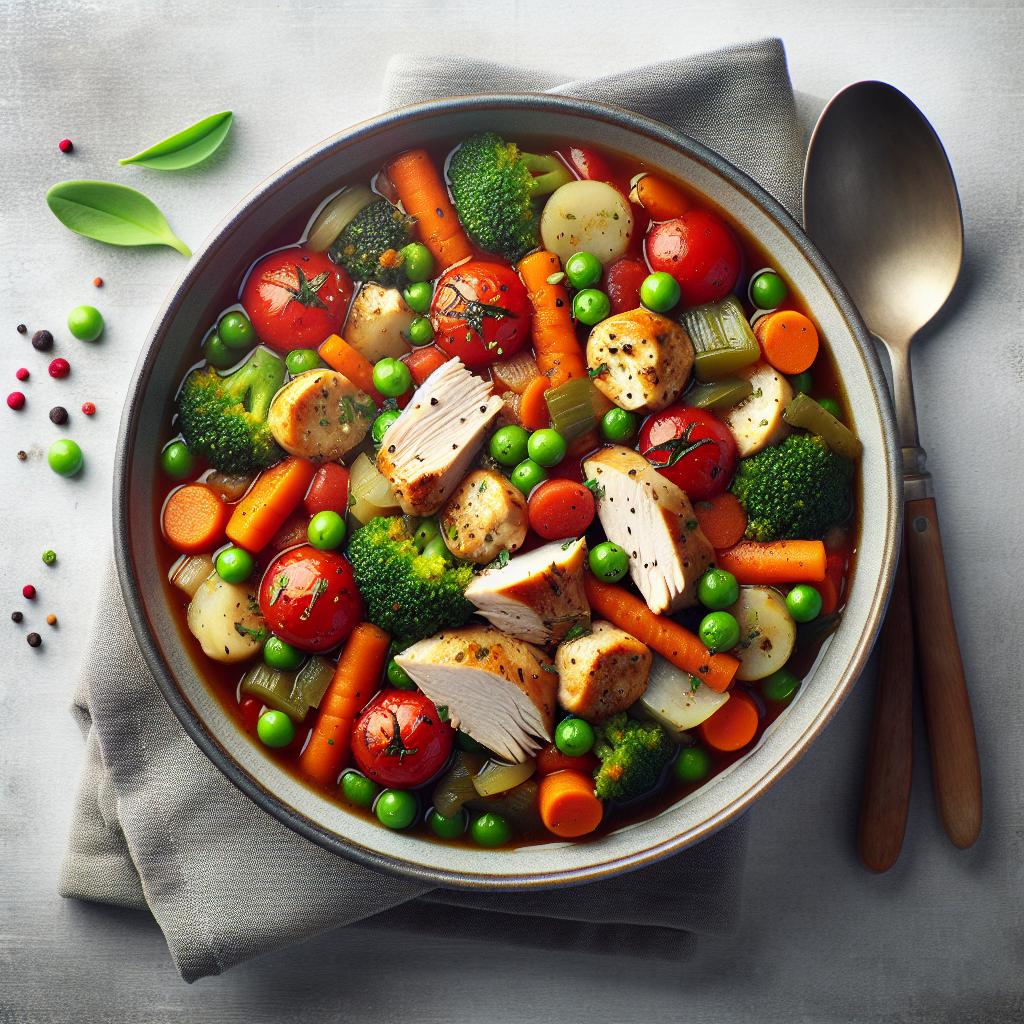 Hearty Turkey and Vegetable Stew: A Nutritious Comfort Bowl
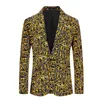 Trajes para hombres Blazers Chaqueta de esmoquin floral negra para hombre Elegante Slim Fit Traje con un botón Blazer Chaqueta Hombres Cena Fiesta Boda Prom Blazer Hombre XXXL 231030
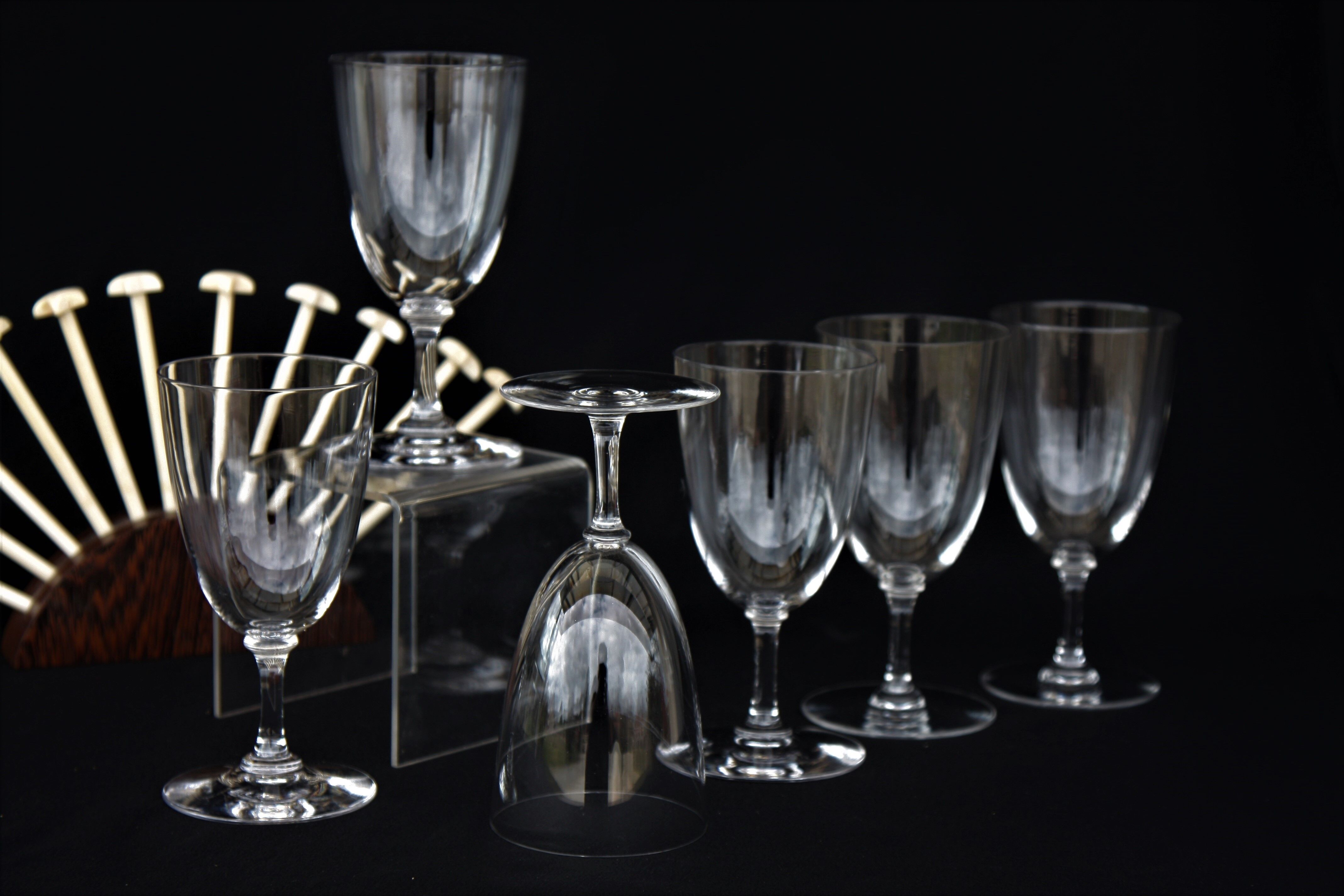Série de 6 verres à eau en cristal de Baccarat modèle Comtesse de Paris
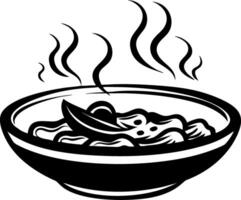 Steaming Bowl of Noodles with Fresh Ingredients Culinary Illustration vector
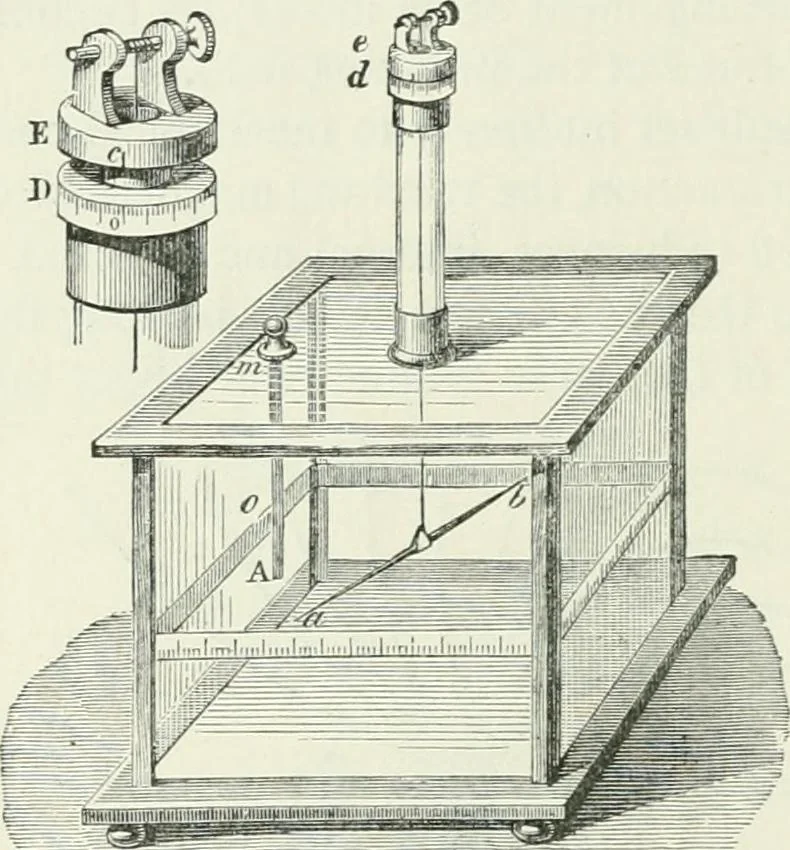 An illustration from Electricity for public schools and colleges, 1891, leaf 47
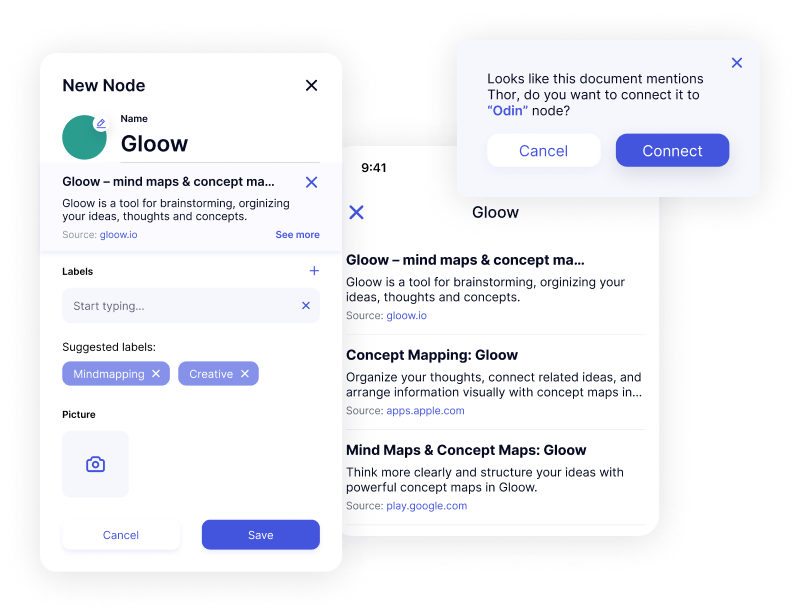 Gloow Features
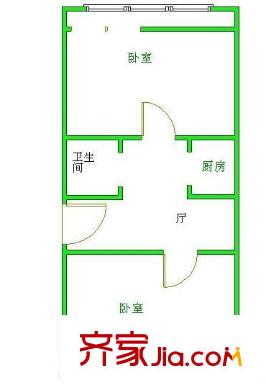 小关北里户型图户型图 2室1厅1卫1厨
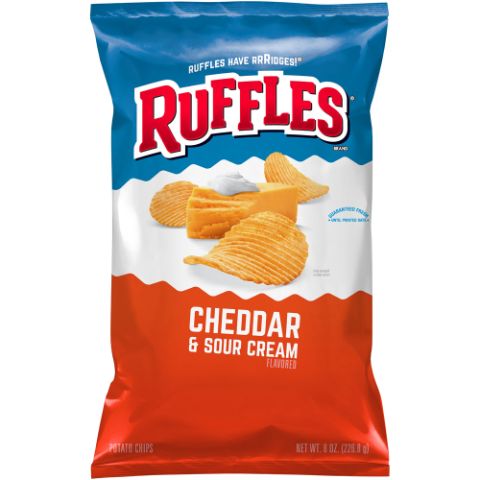 Order Ruffles Cheddar & Sour Cream 8oz food online from Circle K And Liquors store, Fontana on bringmethat.com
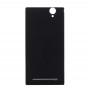 Ультра Назад Крышка батарейного отсека для Sony Xperia T2 (черный)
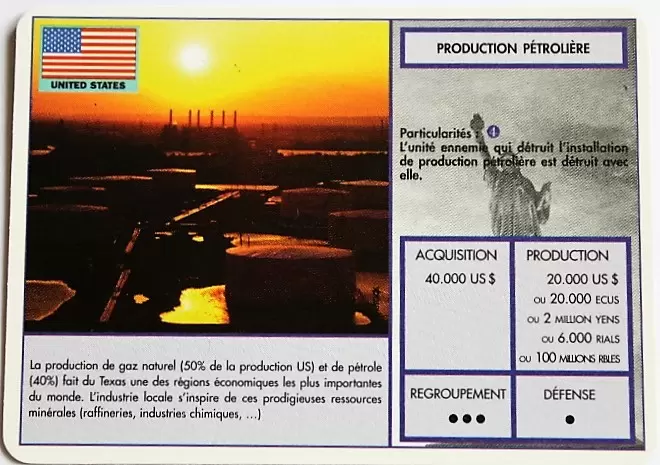 Operation Blast - United States - Production pétrolière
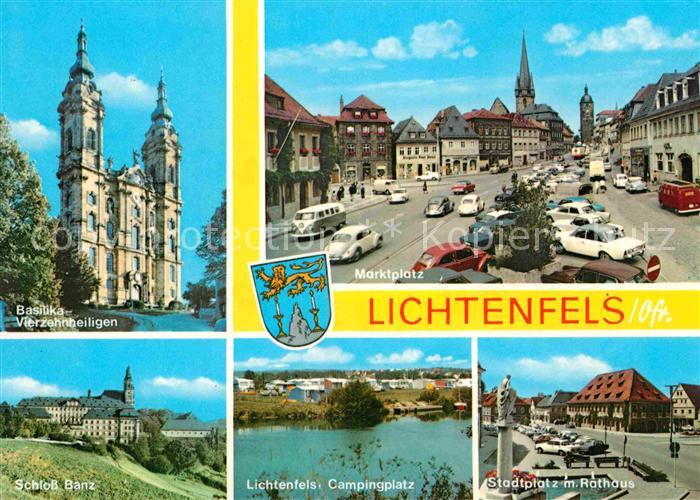 Lichtenfels  Oberfranken Bayern Basilika Vierzehnheiligen Marktplatz Stadtplatz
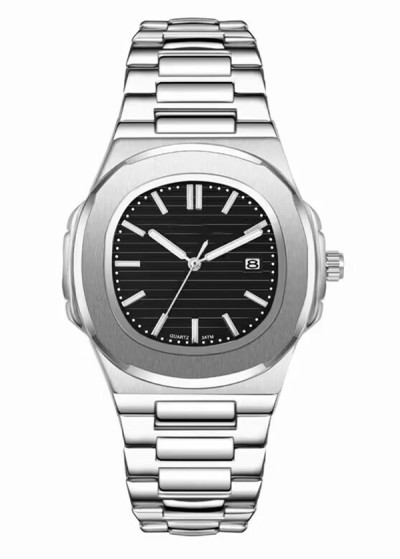 Luxury Calendar Business Men Watch 316 Stainless Steel Wristwatch Sapphire Glass Automatic Mechanical Watch
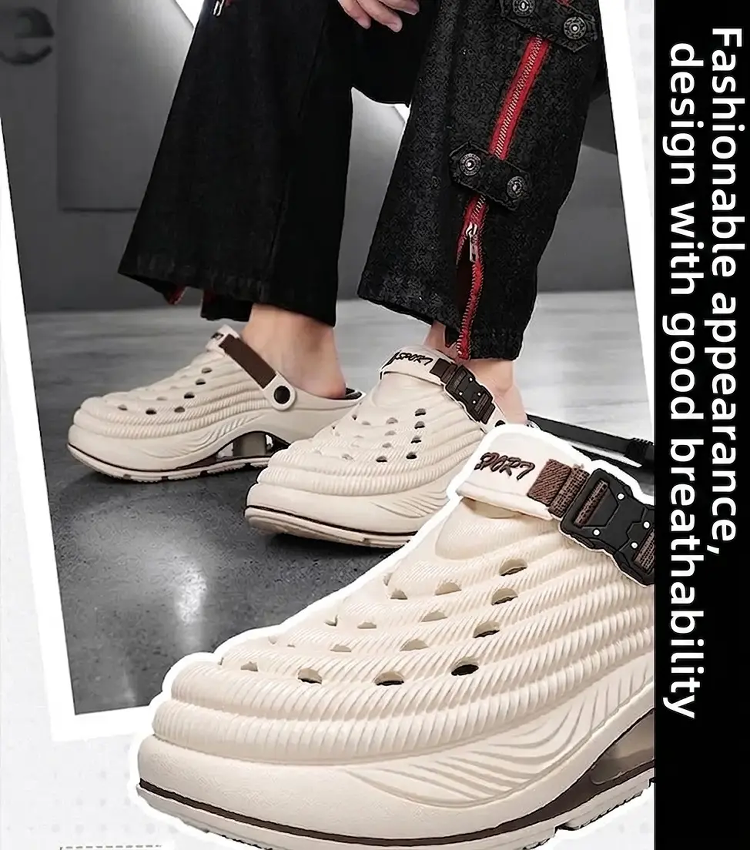 【Can increase height by 5 cm】Beach closed-toe non-slip outdoor sandals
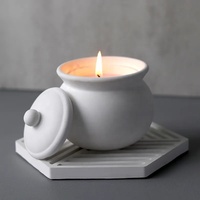 Boîte de rangement en résine époxy cristalline DIY avec couvercle, moule en silicone miroir, forme de bijoux en plâtre, outil pour gâteau, matériau en béton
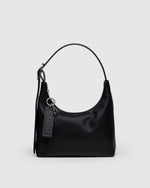 MINI RECYCLED LEATHER SHOULDER BAG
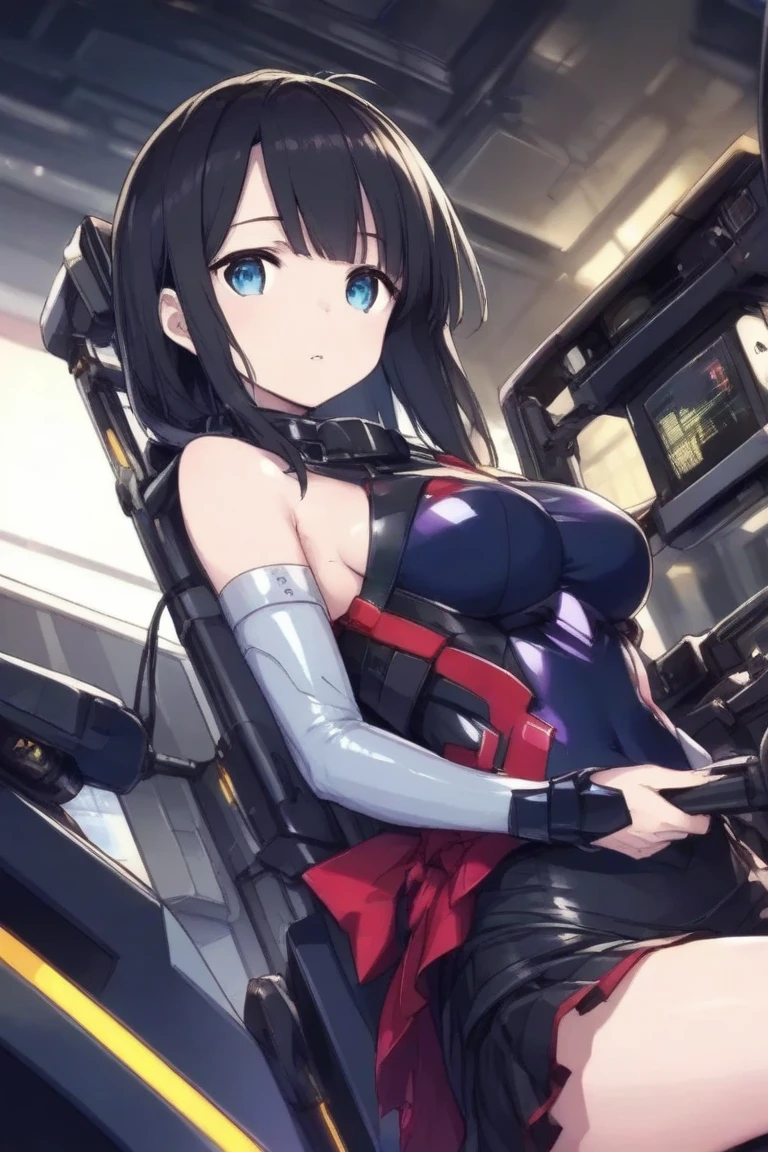 (hetero couple:2), (cityscape:1.5), (NSFW, topless bare small middle boobies, uncensored bare pussy:1.6), (Face of love, I'm so happy:1.5), (cyborg girl:1.5), low , dynamic angle, stylish free pose, (headphone, mechanical fuselage, mechanical clothing), looking at the viewer, (hime cut, long hair:1.5), (blue mini skirt:1.5), plastic corset, Beautiful light effect, glowing skin, (removable long sleeves, very wide sleeve:1.5), (caution decal, corporate logotype:1.2), (small open mouth:1),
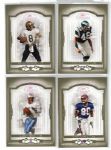 2004 Donruss Classics Ftbl. “Timeless Tributes Green”- 4 Diff. Legends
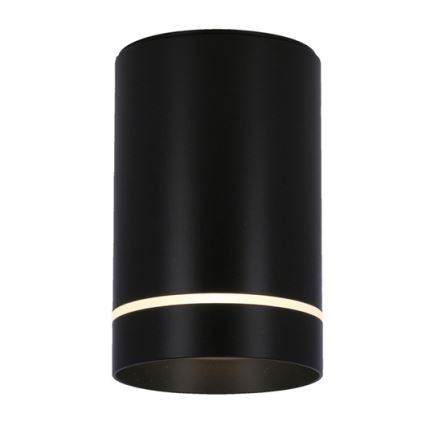 Kohdevalo TUBA 1xGU10/15W/230V musta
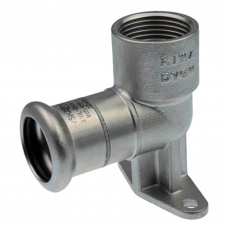 Коліно фіксоване з вушками довге KAN-therm Inox 15 x 1/2" (1609285004)
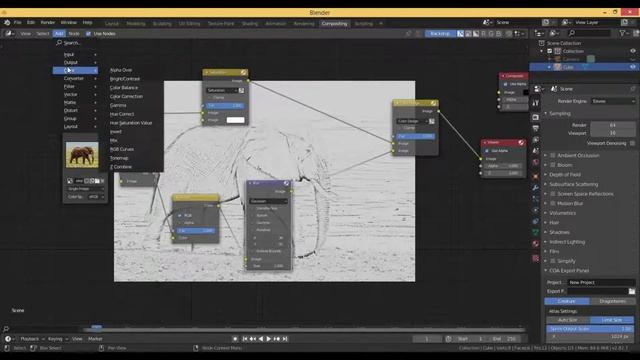 Create a Pencil Sketch Effect to a Photo Image in Blender Compositing Tutorial смотреть онлайн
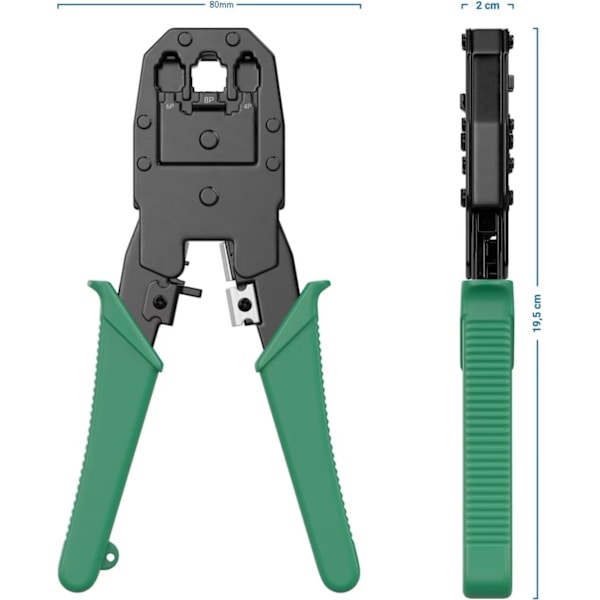 Krympeverktøy for modulære plugger Western Plugs for RJ11 RJ12 RJ45 T,ZQKLA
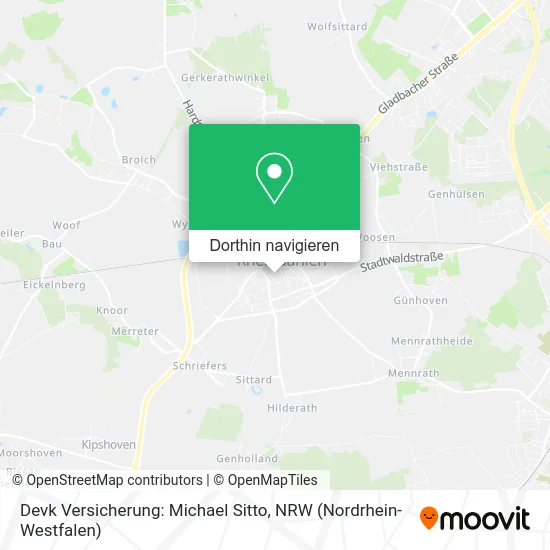 Devk Versicherung: Michael Sitto Karte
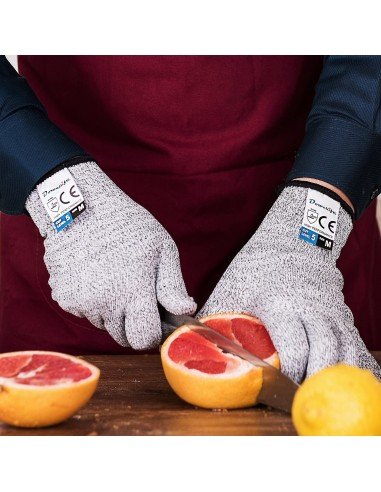 Guantes Carnicería Seguridad Nivel 5 Anticorte Cocina X2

....

§ Activity
Return the listing above verbatim and exclude every picture.

§ Response
 Hearty Turkey and Vegetable Stew: A Nutritious Comfort Bowl
 Trajes para hombres Blazers Chaqueta de esmoquin floral negra para hombre Elegante Slim Fit Traje con un botón Blazer Chaqueta Hombres Cena Fiesta Boda Prom Blazer Hombre XXXL 231030
Série de 6 verres à eau en cristal de Baccarat modèle Comtesse de Paris
 Steaming Bowl of Noodles with Fresh Ingredients Culinary Illustration vector
 An illustration from Electricity for public schools and colleges, 1891, leaf 47
 Gloow Features
 小关北里户型图户型图 2室1厅1卫1厨
 Order Ruffles Cheddar & Sour Cream 8oz food online from Circle K And Liquors store, Fontana on bringmethat.com
 Ультра Назад Крышка батарейного отсека для Sony Xperia T2 (черный)
 Operation Blast - United States - Production pétrolière
 Lichtenfels  Oberfranken Bayern Basilika Vierzehnheiligen Marktplatz Stadtplatz
 Luxury Calendar Business Men Watch 316 Stainless Steel Wristwatch Sapphire Glass Automatic Mechanical Watch
 【Can increase height by 5 cm】Beach closed-toe non-slip outdoor sandals
 Boîte de rangement en résine époxy cristalline DIY avec couvercle, moule en silicone miroir, forme de bijoux en plâtre, outil pour gâteau, matériau en béton
 MINI RECYCLED LEATHER SHOULDER BAG
 (hetero couple:2), (cityscape:1.5), (NSFW, topless bare small middle boobies, uncensored bare pussy:1.6), (Face of love, I'm so happy:1.5), (cyborg girl:1.5), low , dynamic angle, stylish free pose, (headphone, mechanical fuselage, mechanical clothing), looking at the viewer, (hime cut, long hair:1.5), (blue mini skirt:1.5), plastic corset, Beautiful light effect, glowing skin, (removable long sleeves, very wide sleeve:1.5), (caution decal, corporate logotype:1.2), (small open mouth:1),
 2004 Donruss Classics Ftbl. “Timeless Tributes Green”- 4 Diff. Legends
 Kohdevalo TUBA 1xGU10/15W/230V musta
 Коліно фіксоване з вушками довге KAN-therm Inox 15 x 1/2" (1609285004)
 Create a Pencil Sketch Effect to a Photo Image in Blender Compositing Tutorial смотреть онлайн
 Krympeverktøy for modulære plugger Western Plugs for RJ11 RJ12 RJ45 T,ZQKLA
 Devk Versicherung: Michael Sitto Karte
 Guantes Carnicería Seguridad Nivel 5 Anticorte Cocina X2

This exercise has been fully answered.